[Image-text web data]
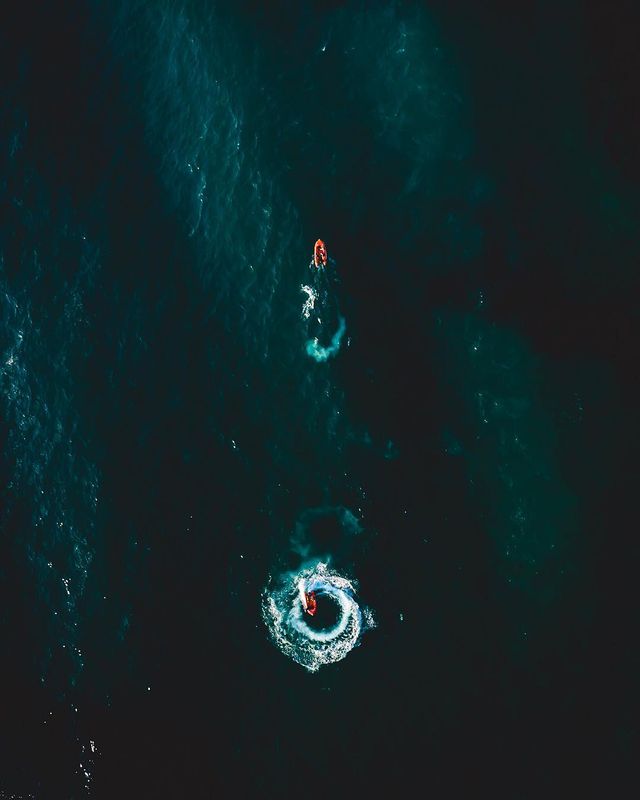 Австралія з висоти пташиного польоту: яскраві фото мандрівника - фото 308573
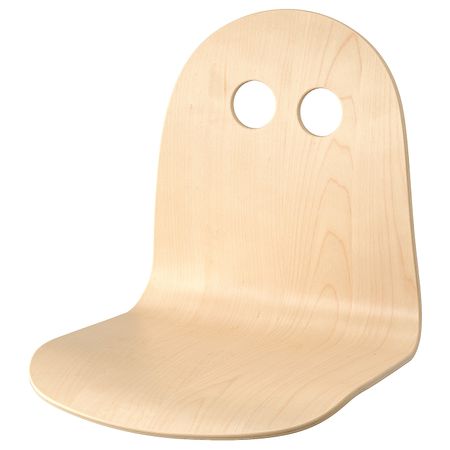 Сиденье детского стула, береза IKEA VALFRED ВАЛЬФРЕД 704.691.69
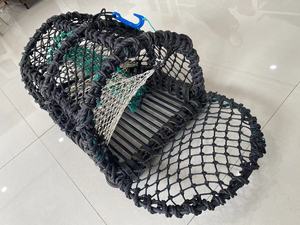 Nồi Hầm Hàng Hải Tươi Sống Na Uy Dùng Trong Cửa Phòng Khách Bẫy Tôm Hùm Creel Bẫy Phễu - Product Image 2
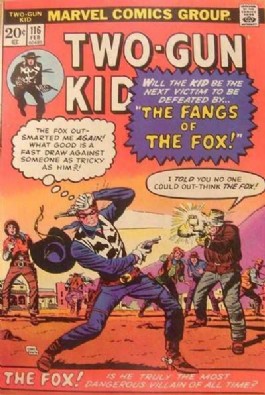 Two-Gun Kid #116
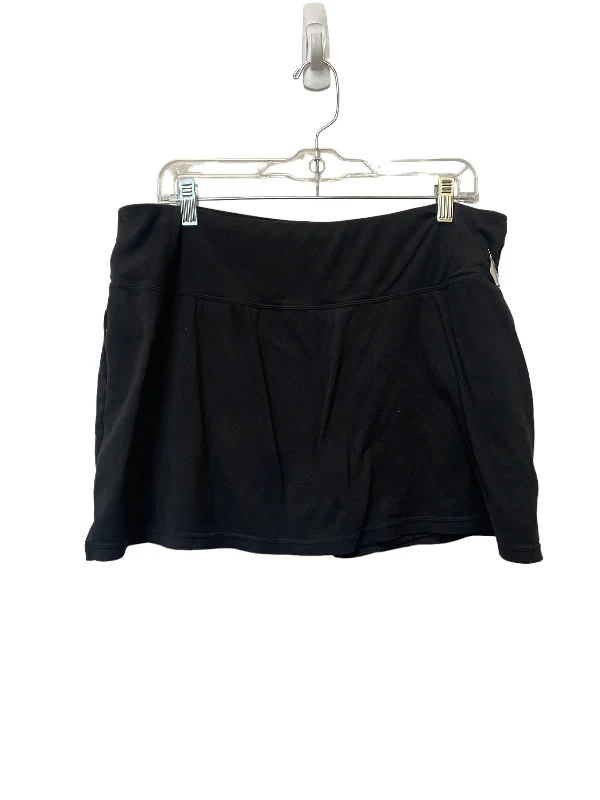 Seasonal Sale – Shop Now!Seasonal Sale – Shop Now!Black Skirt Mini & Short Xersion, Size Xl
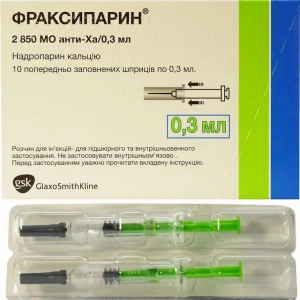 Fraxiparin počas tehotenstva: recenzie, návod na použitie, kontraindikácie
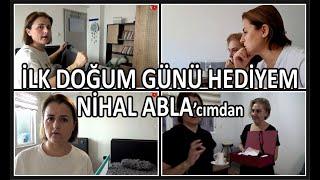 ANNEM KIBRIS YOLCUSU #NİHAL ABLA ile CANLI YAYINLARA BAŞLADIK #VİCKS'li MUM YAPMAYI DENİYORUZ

• Try it: Omit the pictures, then copy out all the data exactly as it stands.

• Expected answer:
 Австралія з висоти пташиного польоту: яскраві фото мандрівника - фото 308573
 Сиденье детского стула, береза IKEA VALFRED ВАЛЬФРЕД 704.691.69
 Nồi Hầm Hàng Hải Tươi Sống Na Uy Dùng Trong Cửa Phòng Khách Bẫy Tôm Hùm Creel Bẫy Phễu - Product Image 2
 Two-Gun Kid #116
 Seasonal Sale – Shop Now!Seasonal Sale – Shop Now!Black Skirt Mini & Short Xersion, Size Xl
 Fraxiparin počas tehotenstva: recenzie, návod na použitie, kontraindikácie
 ANNEM KIBRIS YOLCUSU #NİHAL ABLA ile CANLI YAYINLARA BAŞLADIK #VİCKS'li MUM YAPMAYI DENİYORUZ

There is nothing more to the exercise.